Mas nada disto está isento de riscos. Ainda estamos longe de uma regulação saudável do ciberespaço! A proliferação das fontes, sob a capa inviolável do anonimato, gera o ruído e a irresponsabilidade. Por outro lado, a fragmentação dos universos de referência (resultante do recolhimento de cada um na sua concha internáutica) produz incertezas cognitivas e axiológicas, desencadeando as mesmas, em última instância, um processo de erosão progressiva da coesão social. Talvez esteja aqui um dos maiores desafios da democracia, cuja crise de legitimidade, sendo hoje inegável, não deve ser varrida para debaixo do tapete da globalização. Contra os arautos do neoliberalismo triunfante, repugna-nos a ideia da subordinação da política aos ditames da economia. Seria a inversão de todos os valores, com a inevitável administração das coisas a cavalgar a autonomia dos homens.

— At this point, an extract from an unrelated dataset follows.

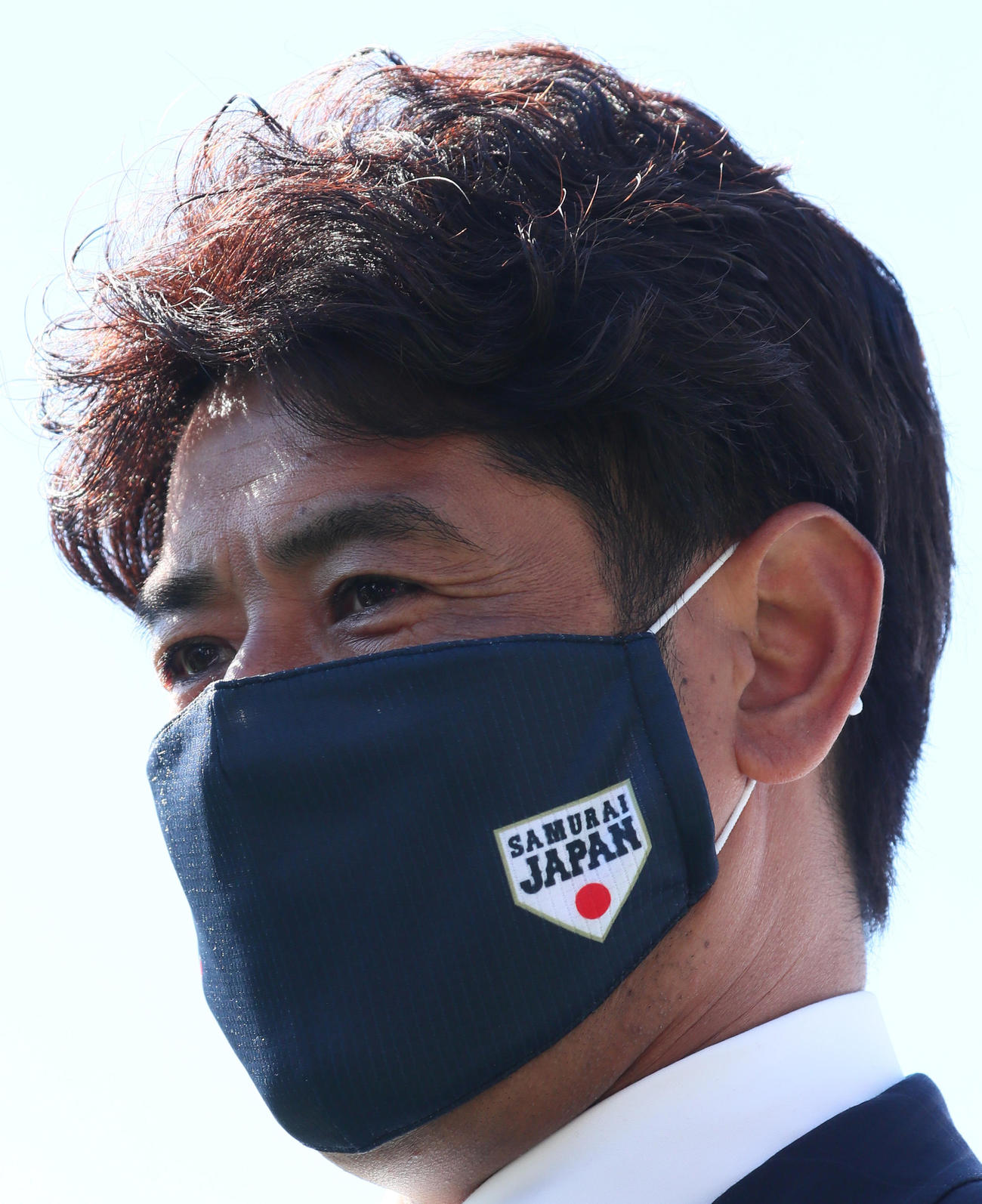 侍ジャパン稲葉監督（2021年2月9日撮影）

Dada a natureza multipolar e acêntrica da Rede, a sua simples existência constitui uma promessa de liberdade. Quando apelamos para a sua regulação, não pretendemos eliminá-la nem subordiná-la aos interesses dos governos e empresas multinacionais. Esse perigo, aliás, é bem real: «está já a caminho uma centralização maciça do controlo através da unificação (de facto ou de jure) das componentes fundamentais da estrutura de poder da informação e da comunicação: Hollywood, Microsoft, IBM, AT&T, e assim por diante» (op. cit., pág. 333). Apesar de tudo, perfilhamos a esperança de que, no domínio do ciberespaço, se mantenha a blogosfera, pelo menos, como núcleo de pensamento radicalmente livre. Em relação às auto-estradas da informação, não são aceitáveis portagens arbitrárias. Embora as «razões de Estado», o moralismo serôdio e a ganância do lucro tendam a impor-se junto da opinião pública (ou melhor: publicada), vale a pena insistir na urgência de uma circulação mundial das ideias, libertando-as da canga de putativas «taxas alfandegárias» da mais miserável espécie. É tempo de levantar a voz: «Cibernautas de toda a blogosfera, uni-vos!»

Eurico de Carvalho

«Da Globalização à Blogosfera: Três Voos Rasantes sobre o Céu da Contemporaneidade». In O Tecto. N.º 61 (Ano X). 2008 (Jun.), p. 13.